My experience was just fine, actually – even for a Grade ‘A’ Introvert like myself. I got in line at the largest indie record store in town; it’s my usual Friday afternoon haunt and the place most likely to have the objects of my affection. I arrived around 30 minutes before opening, and ended up roughly 100th in line. I met some cool people in line too, from all walks of life. 95% male, of course, and more bad beards, pony tails, and flannel than should be legally permitted to congregate. But that’s the vinyl renaissance in a nutshell…

My local store has their RSD routine down to a science – they limit the rate at which patrons can enter, there’s lots of staff on hand, there’s door prizes, great music is playing, and the records are clearly racked and marked. We’re told that no RSD stock gets set aside or reserved – it’s strictly first-come, first-served – and I’m inclined to believe them.
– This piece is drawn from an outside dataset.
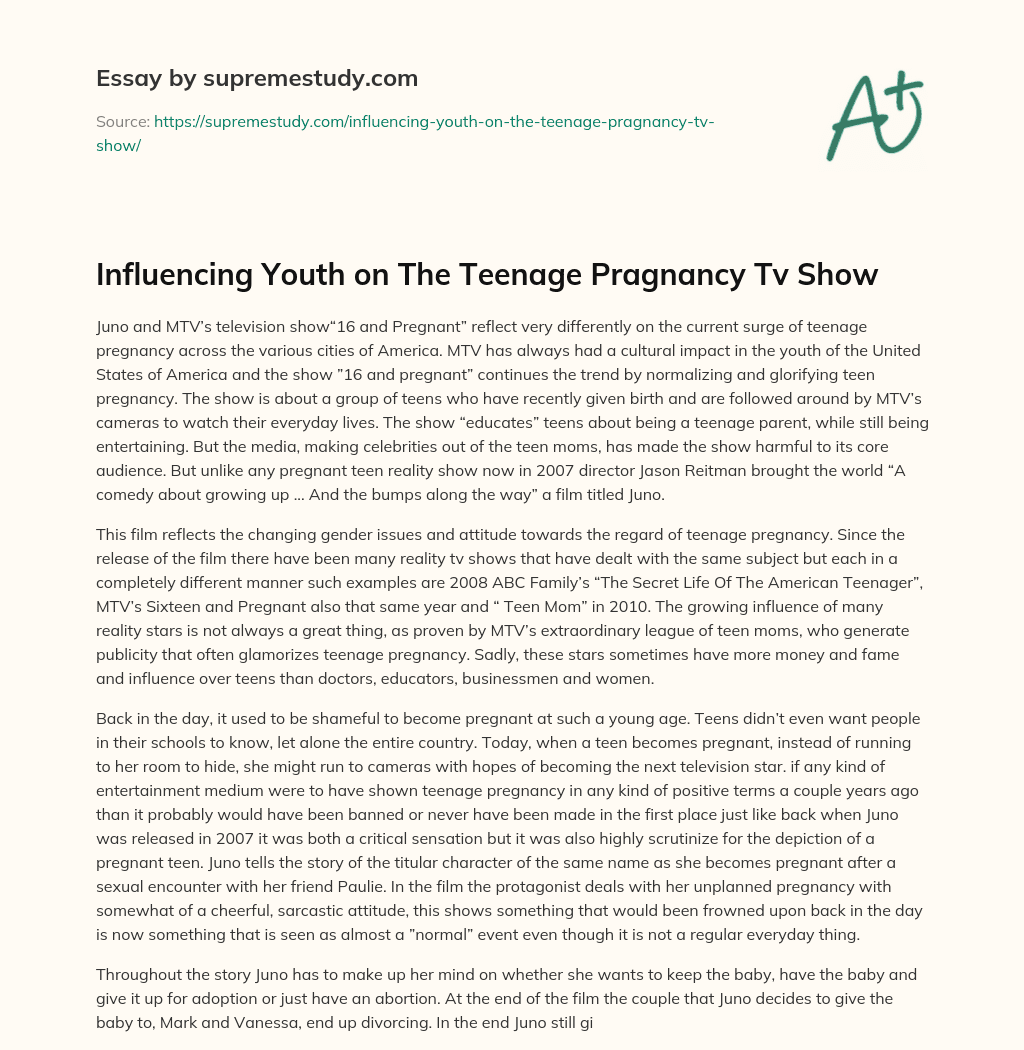 Influencing Youth on The Teenage Pragnancy Tv Show essay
I’m pleased to report that I managed to find most of what I was after, plus I took advantage of some good sales on other in-stock records. At the first store I visited, I picked up the new Wilco live record from 1996, an LP of early Uncle Tupelo rarities (it was a Tweedy kind of day), and a copy of The National’s performance of their seminal Boxer album, recorded last year in Brussels. I mined some crates and found a special issue of a Jason Isbell live album from 2007. I didn’t know many of the songs, having been a recent convert to this brilliant songwriter, but what the hell, right? The record-buying contagion within me was strong. And, as a special thank-you to the early-birds, the shop threw in a free copy of a Johnny Cash early singles LP. So far so good!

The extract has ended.